- East Africa’s oldest newspaper celebrating 100 years since it was incorporated
- Company directors, staff and partners take train ride to the Coast where it all began in 1902
The train roared its way across beautiful sceneries, snaking its way through Athi River to Voi.
Its smooth sail elicited memories of the journey Kenya has travelled and how East Africa’s oldest newspaper captured the moments.
Sad and happy memories took refuge in the minds of Standard Group staff and partners aboard the Voi-bound train that left the Syokimau station at 8.20am.
The travellers fumbled for words to describe the symbolic significance of the four-hour train journey into the coastal region, where the company had its first headquarters before it blossomed and shifted to Nairobi City.
With interludes of beverages and snacks, the Madarka Express that stuck to its timing made stop overs at Athi River, Emali, Kibwezi, Mtito Andei and Voi as Standard Group directors, staff and partners enjoyed the ride in the morning’s cloudy but warm conditions.
One of the coaches had been converted into a heritage museum, detailing the construction of the railway.
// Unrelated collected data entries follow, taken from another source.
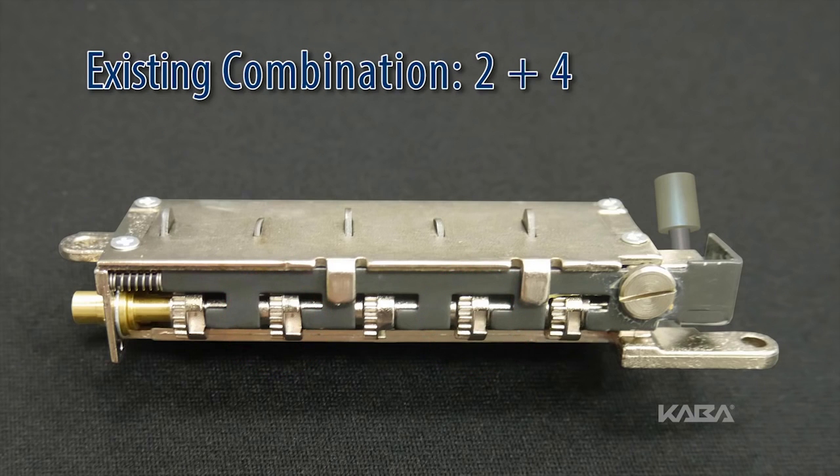Record the key stem number. This is the first number of the combination. Continue by pressing the key stem that corresponds to the gear pocket that is the next furthest away. Do not include gear pockets that have already been rotated. Make sure to record each key stem number that is depressed. Continue this procedure until all five gear pockets are aligned with their corresponding L-shaped legs on the unlocking slide.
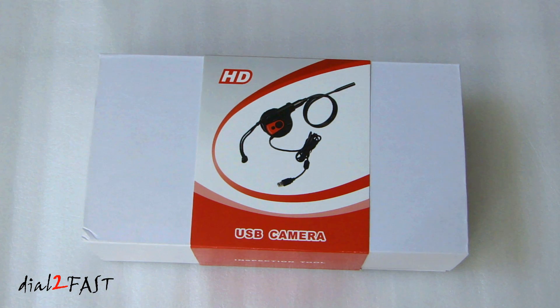Hi, this is Dad2Fast here. In this video I will show you this USB inspection camera that you can connect to your laptop running Windows operating system.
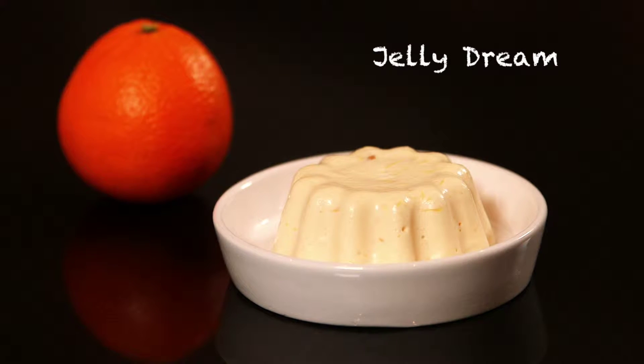I call it jelly dream because I think it's dreamy. It's very simple to make. It is a complete meal. It's a four-to-one classical recipe.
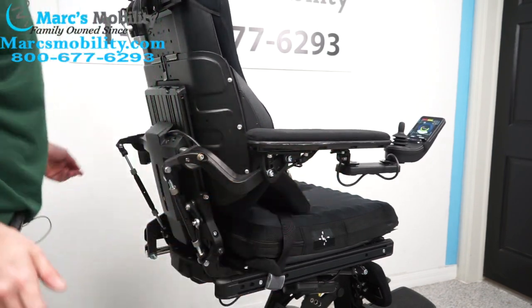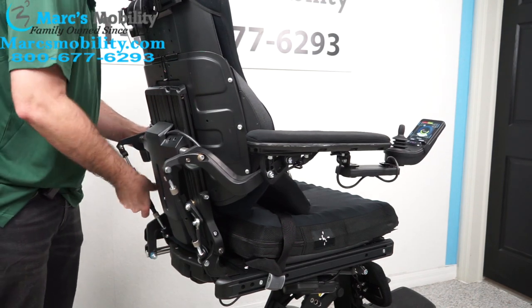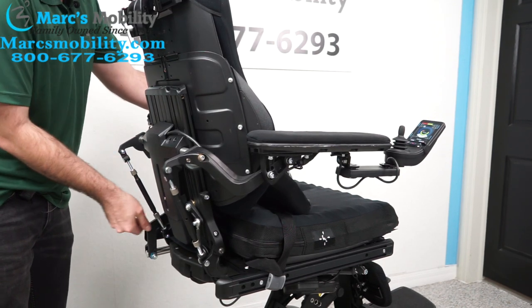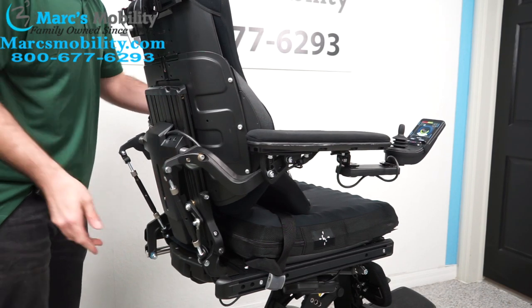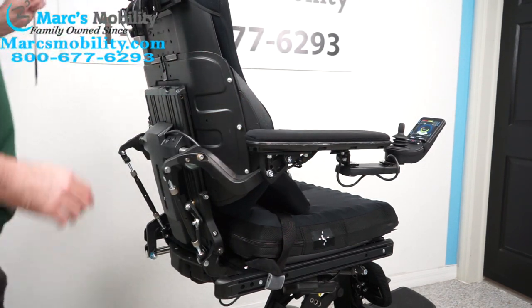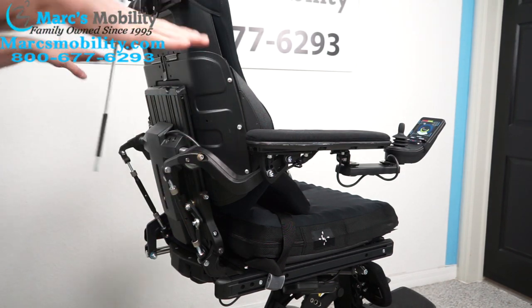Now that looks a little more normal. I'm going to do that to both sides. Again, taking the weight off the arm makes it a lot easier — just hold it in your hand. When you have them both at a comfortable height, if you need it to drop lower, just go through the top again, and then tilt the arms back up once they drop down.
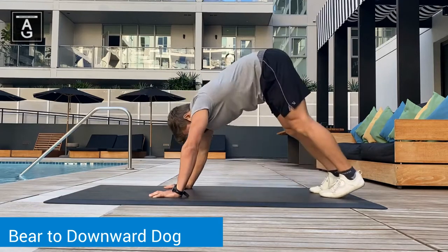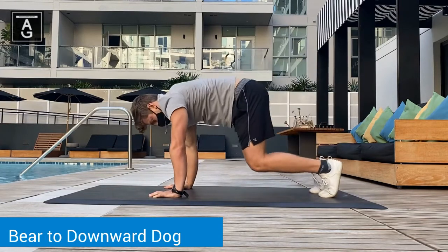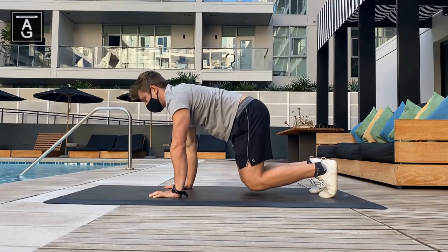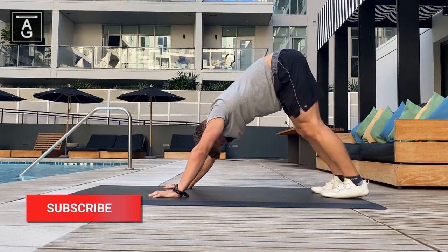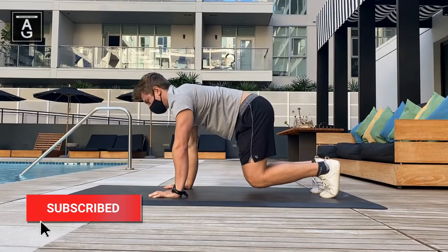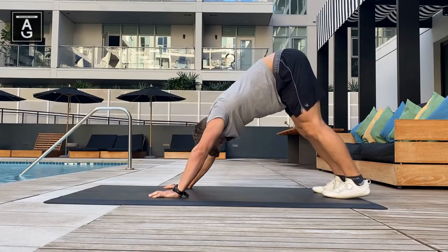Tuck your tailbone to avoid excessive arching in the lower back. Make sure your knees are one inch off the ground. From there, push to the floor and send your hips upwards. Fatigue will be felt in the thighs, and a slight stretch should be felt on the backs of your legs and the calves.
There were also pictures of the first Sarova Stanley Hotel.
The magnificent sceneries of Tsavo National park with beautiful rolling hills, roaming elephants and plains dotted with shrubs welcomed the party.
Song and dance greeted the team as it landed at Sarova Taita Hills Game Lodge for the centenary celebrations.
Peter Kimani, a New York Times notable Kenyan novelist who once worked for The Standard as a feature writer and later as head of news and columnist, could not hide his joy.
The experience intertwined with his latest novel The Dance of the Jakaranda in which the train features as a motif through which he traces the history of Kenya through fiction.
“I feel that I am reconnecting with my imagination. The last time I used a train in Kenya was in 1985. While writing my novel, I avoided it because I did not want to disturb my original imagination which was the basis of my writing,” said Dr Kimani.
Kimani Ngugi, the company’s longest serving driver, was all smiles as he reconnected with the past. “I remember the days when I was a young employee, and I really appreciate it,” said Ngugi, who has been with Standard Group since 1983.
On board also was 67-year-old Walter Odum, a Kisumu-based newspaper vendor who has been in the business for 50 years. Seated next to the window, he giggled his heart out as he weaved narratives of the days when The Standard was selling at 40 cents.
“The journey signifies what we hope is good partnership with other stakeholders. We celebrate who we are, where we have come from and with those who have gone through a similar journey,” Standard Group Chief Executive Officer Orlando Lyomu said.
The Standard: One hundred years of history
Acting Kenya Railways Managing Director Philip Mainga said the trip also symbolised Standard Group’s corporate journey.
“It is a journey of how The Standard has adopted many changes while promoting socio-economic and political development. The railway industry has also gone through similar dynamics,” he said.